As we talked it became clear this was not a case of him being opposed to the idea of women as clergy or some general misogynistic bent. It was, she said, that he finds this church “pastel.” The colors, figuratively speaking, are soft, bland. The whole thing is too sunny, cheery, upbeat. And thus, for him, not quite real or completely honest.

It’s no secret that men are under-represented in mainline congregations. I wondered, as this women spoke, how many men may share her husband’s un-ease?

The Canadian literary scholar, Northrup Frye, in his book, The Great Code, commented, “The style of the Bible is of the battlefield rather than the cloister.” The battlefield is a place of conflict, of engagement with an adversary, of a life and death struggle. The cloister is a safe remove from the world, behind a wall, a covered walkway opening to a garden or yard.

Of course, rhetoric and images of warfare have been excised from liberal Christianity in the last generation or two. I get the rationale. But I wonder if this has been a mistake. If it has led to a church that is ill-equipped to speak of or engage evil, to acknowledge that the life of faith can, and in some sense should be, life on a battlefield.

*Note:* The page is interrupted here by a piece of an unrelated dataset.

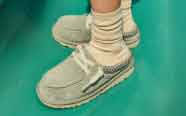 shearling slides
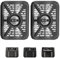 NVARUPC Air Fryer Grill Pan for Ninja Foodi AF500UK 10.4L 7 in 1 AF400UK 9.5L 6 in1 DualZone 2 Drawers Air Fryer, Replacement Air Fryer Crisper Plate Grill Plate Tray Accessories, Dishwasher Safe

Consider a verse from Martin Luther’s hymn, “A Mighty Fortress Is Our God.”

“And though this world, with devils filled, should threaten to undo us,/ We will not fear, for God hath willed His truth to triumph through us./ The prince of darkness grim, We tremble not for him;/ His rage we can endure, For lo, his doom is sure; One little word shall fell him.”

I’m sure that many today would regard such language as hopelessly retro if not something far worse. But there’s a truth here. Maybe a truth that husband was missing in a church that was all pastels. The life of faith is a struggle. The world is filled with devils. There is a dark prince with many in his power.

It is the season of Advent now. For many Advent is nothing more than a time of preparation for Christmas. But it was not always so. Once it was a somber season. A season of darkness and for speaking of this world’s darkness. Its four Sundays were devoted to the four “last things.” Death, judgment, heaven and hell.

These days the four Sundays of Advent are designated  for, in turn, Peace, Joy, Love and Hope. But simply excising struggle, adversaries, devils, evil from our vocabulary and substituting friendly and upbeat words doesn’t mean the hard realities go away. It may mean that they go underground.

As tender as the Bethlehem manger scene may be, the truth is the world had no room for this holy child and that soon after his birth the ruling powers would send soldiers to find and kill him. His family would flee to Egypt, refugees in search of asylum.